Choisissez bien vos cadeaux, ils peuvent donner naissance à une belle carrière. Le premier smartphone de Fadwa Al Nasser en est le bel exemple. A 24 ans, cette jeune photoreporter du groupe Eco-Médias est un talent apprécié du le milieu professionnel, par la qualité et la pertinence de son travail.

Sa passion a éclos à la Faculté de Droit, en 2011. «Il y avait tant de moments à immortaliser, et mon nouveau téléphone m’a permis de le faire», se remémore-t-elle. Sa lentille capturait l’insolite du quotidien et le partageait sur les réseaux sociaux, Facebook et Instagram, avec un petit commentaire, pour le fun.

C’est à l’ESJC que l’amateurisme va muer en professionnalisme. En accédant à cette école de journalisme, elle choisit d’exploiter ses stages à bon escient, précisément au service de documentation du quotidien l’Economiste, où elle accorde une attention particulière aux bases de données de photos.

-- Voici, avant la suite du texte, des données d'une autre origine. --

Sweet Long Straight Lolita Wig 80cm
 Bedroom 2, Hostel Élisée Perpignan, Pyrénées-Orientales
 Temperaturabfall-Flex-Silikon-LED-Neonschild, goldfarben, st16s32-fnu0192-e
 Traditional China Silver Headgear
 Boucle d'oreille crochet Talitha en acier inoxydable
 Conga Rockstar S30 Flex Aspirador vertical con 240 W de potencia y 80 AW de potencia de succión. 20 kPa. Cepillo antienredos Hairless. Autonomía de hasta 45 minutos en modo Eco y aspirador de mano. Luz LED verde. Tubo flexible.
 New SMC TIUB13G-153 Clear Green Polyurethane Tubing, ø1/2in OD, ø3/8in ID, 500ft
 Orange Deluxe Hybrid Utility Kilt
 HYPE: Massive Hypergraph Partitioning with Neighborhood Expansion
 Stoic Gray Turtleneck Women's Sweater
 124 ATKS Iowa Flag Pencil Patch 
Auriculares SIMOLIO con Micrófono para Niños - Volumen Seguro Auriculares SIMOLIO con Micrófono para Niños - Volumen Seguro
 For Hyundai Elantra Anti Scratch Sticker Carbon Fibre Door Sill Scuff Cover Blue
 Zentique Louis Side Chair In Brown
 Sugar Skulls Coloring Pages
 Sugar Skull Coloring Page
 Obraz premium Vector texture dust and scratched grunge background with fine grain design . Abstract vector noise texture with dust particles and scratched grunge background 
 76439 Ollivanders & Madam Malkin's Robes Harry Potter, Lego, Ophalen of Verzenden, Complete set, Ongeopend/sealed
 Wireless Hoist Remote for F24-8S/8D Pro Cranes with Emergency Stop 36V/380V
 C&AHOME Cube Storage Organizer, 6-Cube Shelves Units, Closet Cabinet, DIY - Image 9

Sa passion bien apparente n’échappe pas à ses encadrants, et elle se voit proposer une carrière de photojournaliste au sein de l’entreprise.

Sa première mission est restée gravée dans sa mémoire. C’était une sortie au quartier casablancais de Derb Soltane. Elle se rappelle avec un sourire anecdotique les problèmes qu’elle a rencontré ce jour-là en essayant de «shooter» un «f’qih». Elle a été poursuivie par des «qui es-tu ?», «qu’est-ce que tu prends en photo ?», «as-tu une autorisation ?». Au fil des mois, la stagiaire de l’époque commence à saisir les ficelles de ce métier «dangereux mais passionnant».

En lui posant la question autour de la participation à des concours de photographie, et pourquoi elle s’en empêche, elle avoue avec modestie être encore en train de forger, et que le voyage de mille lieues commence par un premier pas. «Hâter les choses peut produire un effet contraire, et je veux prendre le temps de maitriser ma passion». C’est avec les pieds sur terre donc qu’elle s’inspire au quotidien de ses collègues. Son idole, c’est son ainé à la rédaction Abdelmajid Bziouat. «Pour moi, ses portraits sont sacrés. C’est mon idole marocaine». En plus de lui, Fadwa est reconnaissante aux professionnels qui la soutiennent et l’accompagnent depuis ses débuts. «Lors de mes premières conférences, j’étais timide. Je n’avais pas encore l’audace suffisante pour aller au coude-à-coude avec les autres, surtout avec les hommes»…

Car si Bziouat, Akil Macao et d’autres vieux routiers ont accueilli à bras ouvert son talent et l’ont appuyé pour bourgeonner, Fadwa avoue que la profession n’est pas exempte de profils qui «vous démotivent». Un secret de polichinelle dans notre société, qui s’étend même au photojournalisme et que Fadwa va découvrir à ses dépens, c’est que «certains photoreporters au masculin minimisent nos capacités et, croyez-moi, ça donne un coup au moral».

Rien que récemment, alors qu’elle prenait des clichés des débris du mur écroulé au quartier casablancais de Belvédère, cette phrase à peine susurrée pénètre son tympan pour ne plus en sortir : «ma fille, ce travail n’est pas fait pour toi»…

Autant de remarques sexistes dont le pays n’a pas besoin, et face auxquelles s’interpose la conviction de Fadwa, un bel exemple de la détermination de la femme marocaine à être partie prenante dans l’évolution de notre société.